What is needed: Please, could you print all the lines below exactly, leaving out the pictures?

Collected material:
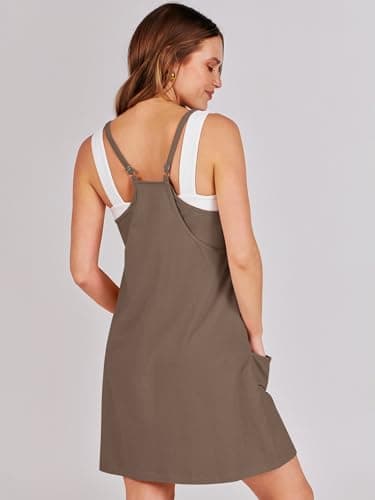 ANRABESS Women Athletic Dress Summer Tennis Workout Active Sports Mini Romper Dress Built in Shorts Travel Vacation Clothes Coffee Small - Image 5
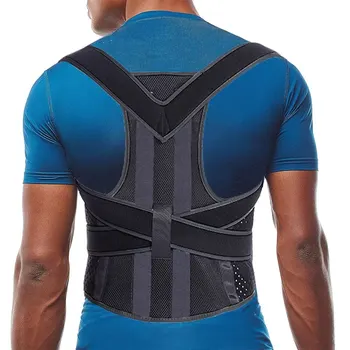 Коректор на стойката на гърба за мъже Жени Обратно лумбална рамо поза подкрепа Облекчаване на болката Мускулна памет Подкрепа за изправяне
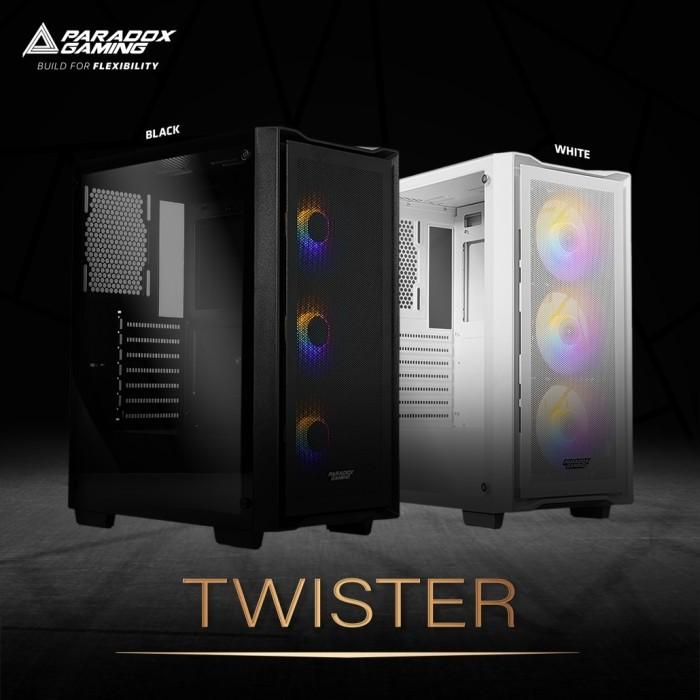 CASING PARADOX GAMING TWISTER - ATX, mATX, mITX - INCLUDE 3 FAN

Exercise result:
 ANRABESS Women Athletic Dress Summer Tennis Workout Active Sports Mini Romper Dress Built in Shorts Travel Vacation Clothes Coffee Small - Image 5
 Коректор на стойката на гърба за мъже Жени Обратно лумбална рамо поза подкрепа Облекчаване на болката Мускулна памет Подкрепа за изправяне
 CASING PARADOX GAMING TWISTER - ATX, mATX, mITX - INCLUDE 3 FAN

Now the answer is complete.